Provided data —
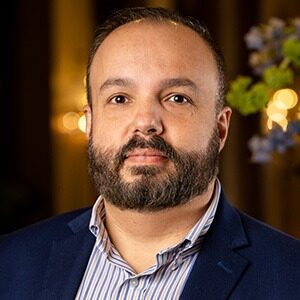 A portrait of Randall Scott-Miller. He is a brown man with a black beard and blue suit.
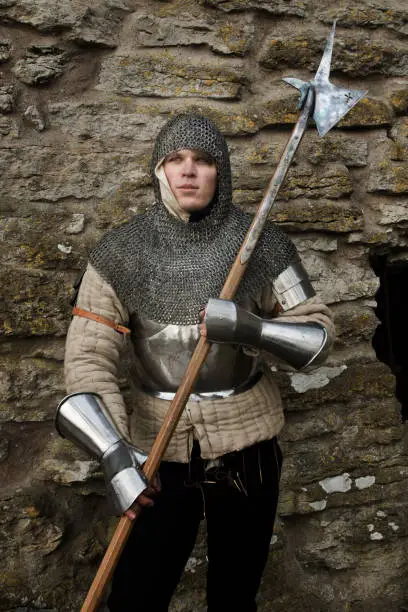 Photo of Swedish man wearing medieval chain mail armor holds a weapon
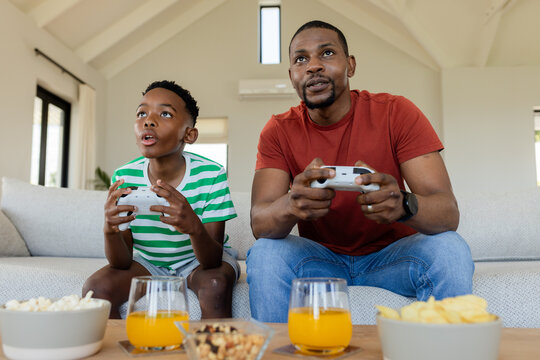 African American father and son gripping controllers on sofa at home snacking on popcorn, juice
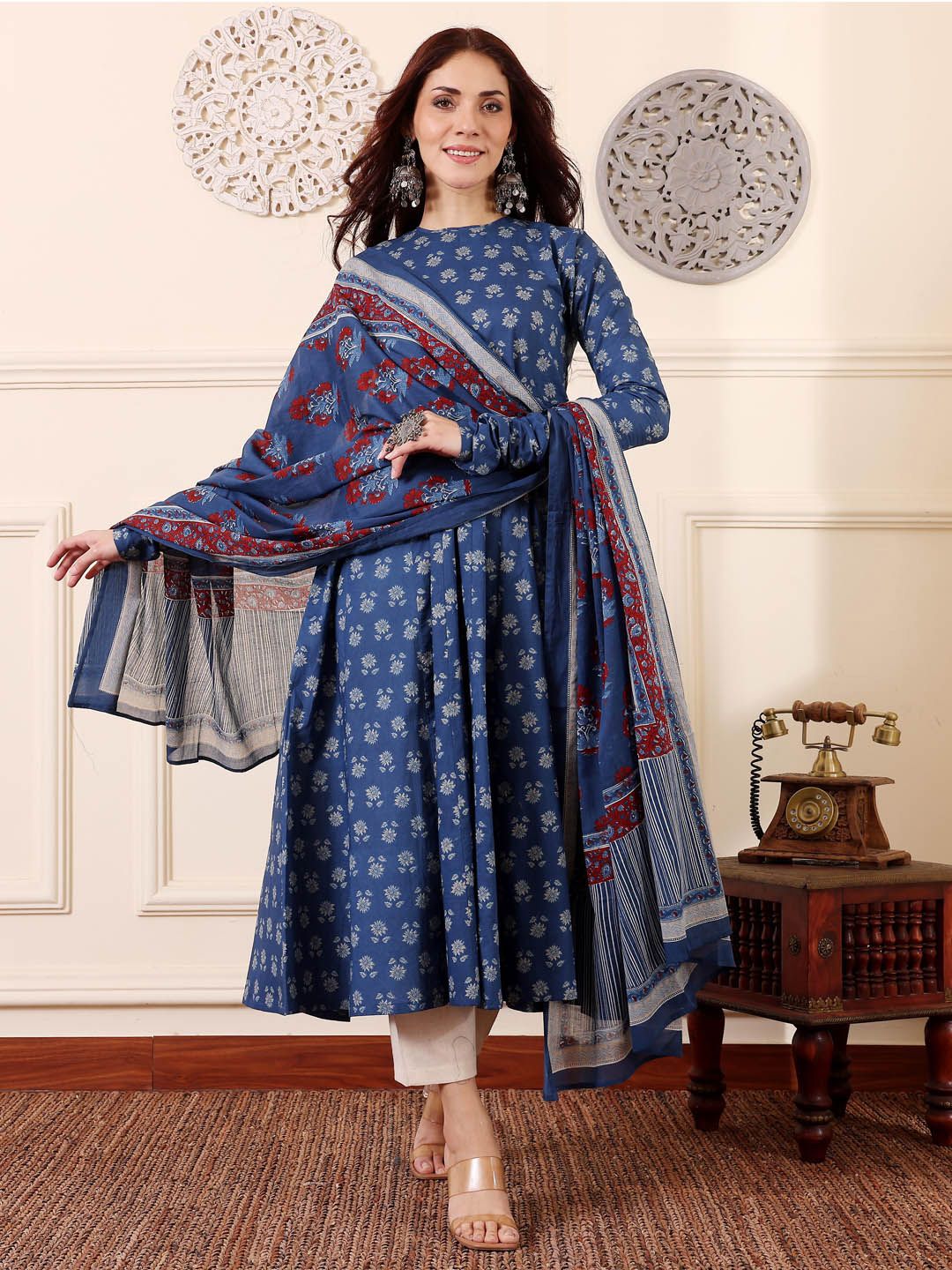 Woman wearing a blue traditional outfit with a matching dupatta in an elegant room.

What is needed — Starting at the line that contains "African American father", please write out each line through the last line of the data, both ends included, and keep pictures out of the copy.

Written solution —
 African American father and son gripping controllers on sofa at home snacking on popcorn, juice
 Woman wearing a blue traditional outfit with a matching dupatta in an elegant room.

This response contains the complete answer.